Anthony Baxter anthony at interlink.com.au
Wed Mar 12 01:22:47 EST 2003

>>> "Meyer, Tony" wrote
> Curious, and (sort of) able to now run tests (thanks Tim & Mark), I
> changed the "prob = (S-H + 1.0) / 2.0" equation in classifier.py to
> use this method. I had to also fiddle with 0's since log(0) isn't nice
> (how does CRM114 do this?), plus I moved it from -350to+350 to 0-1.
> Surprisingly I got good (well, perfect, actually) results. Is this
> just my tiny-weeny sets? A fluke? *Another* mistake on my part?

Um, I'd say "mistake". Look at the numbers. Your ham mean has gone
from around 3 to around 55, while the spam mean's gone from around
92 to around 45. So you've moved everything solidly into the "unsure"
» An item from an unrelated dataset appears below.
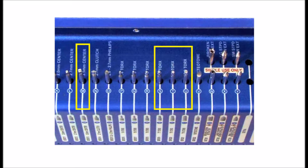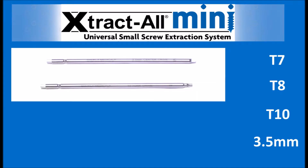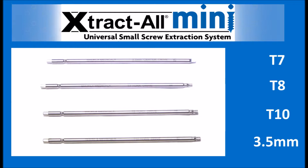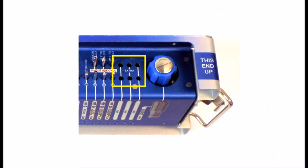We added Torx driver sizes T7, T8, and T10, along with the 3.5mm center driver. To the right of the tray are now six extra slots, which are ideal for adding other specialty drivers.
This, of course, will remove your FN/FP numbers. But then, dumping
your email directly into the unsure folder without running spambayes
will do that, too <wink>

Worse yet, your spam is scoring, on average, less than your ham! Oops.


> ham mean and sdev for all runs
>    3.05   55.83 +1730.49%       10.83    3.14  -71.01%
> spam mean and sdev for all runs
>   91.98   45.07  -51.00%       18.75    3.57  -80.96%